Today I ran the Citadel on heroic setting with some Mexican players and a Brazilian (incidentally Portuguese is so similar to Spanish that I can read it). We ended up speaking a mix of Warcraft-English with Spanish/Portuguese. A player scolded another: "healer echame las maldiciones." I reached out for help: "Por favor tengo un quest aqui."
I loved the blend of Warcraft-speak and Spanish so much, that I started fantasizing about going to graduate school and doing a thesis on how language is used in gaming, examining how much English carries over into other languages. Why would a player who is speaking Spanish type in "ty" for "thank you", rather than "mg" for "muchas gracias"? I'd like to know. In reality, I'll just hang around the house playing Warcraft, sigh.

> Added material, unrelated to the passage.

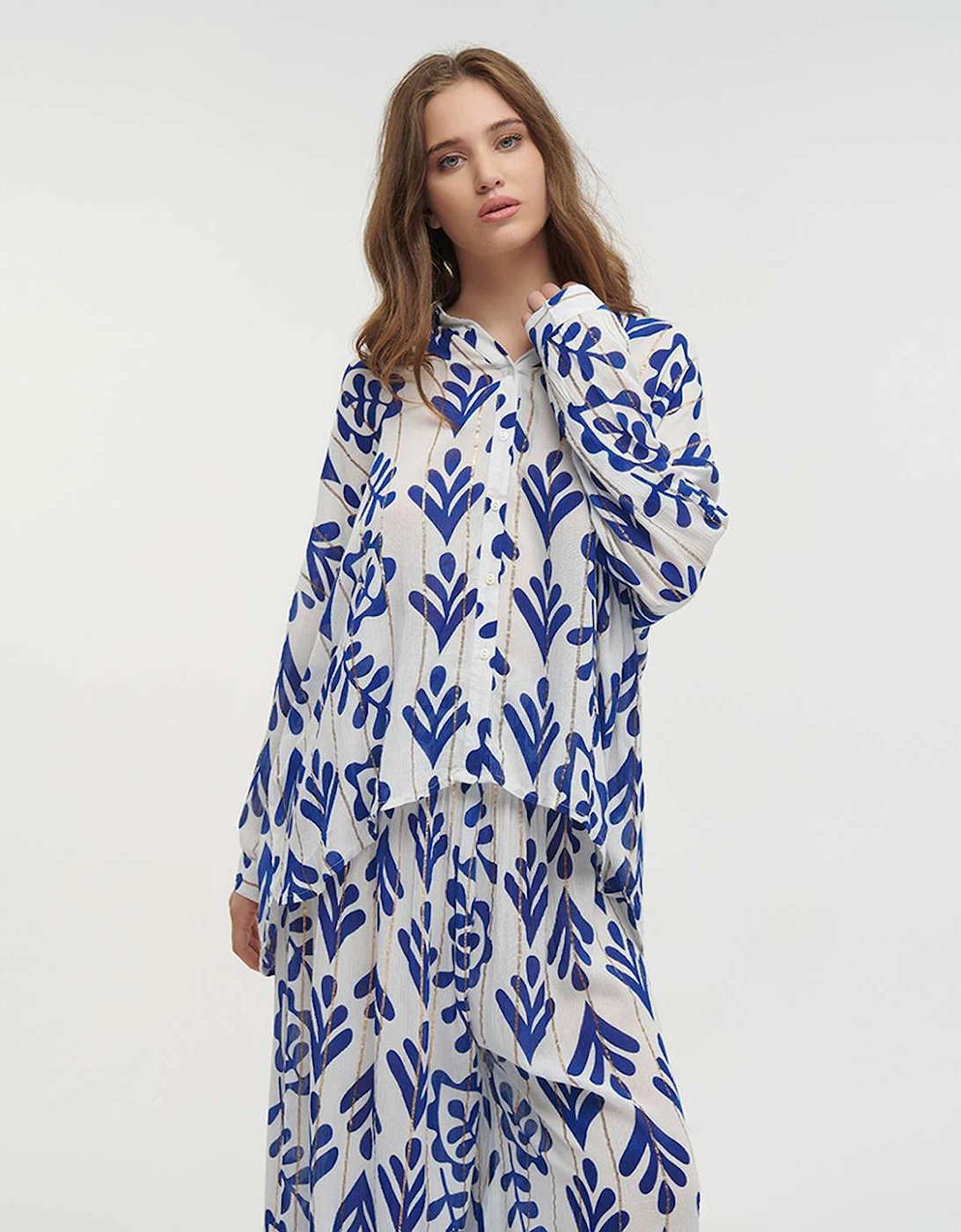 Block printed blue blouse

It's Monday and I cannot come up with a pithy remark on this.
What a coincidence. The word verification is "unces," the second-person singular of "uncir" which means "to yoke." Hmm, maybe it's time for you to start on that thesis after all!
Have I stumbled into a MENSA blog?
At one time I fantasized about doing an advanced Psychology degree with research based on the effects on a marriage of interactions experienced at boat ramps while launching family watercraft. Instead I just bit my tongue and went water skiing with the family.
Current "captcha" word = ovesseda. Sure sounds Portuguese to me!
Having my own very deep roots in a different but no less compelling fandom, it's fascinating to me as well how there is this language and secret handshakes. I'm not sure this is true in WOW, but within a fandom the secret handshakes change depending on those active in the fandom. It makes for a closed society, which makes for lots of unhappy, fifth grade, mean girl dynamics, also a lot of bonding, but also a LOT of mean. I would imagine given that there isn't so much of a sexual divide among the players of WOW that the mean girl dynamic is at a minimum. But there must be some sort of other dynamic because we are still taking about tribe mentality and using language to identify members of said tribe.
I would say that 90% of the people I end up running randoms technically speak English, even though it's impossible to tell - like the guy that kept saying 'alpost' instead of 'supposed'. I'm one of those snooty people that never says anything in dungeons.
I forgot to share that instead of "lol", Spanish speaking players type in "jajaja" a lot. I found that cute.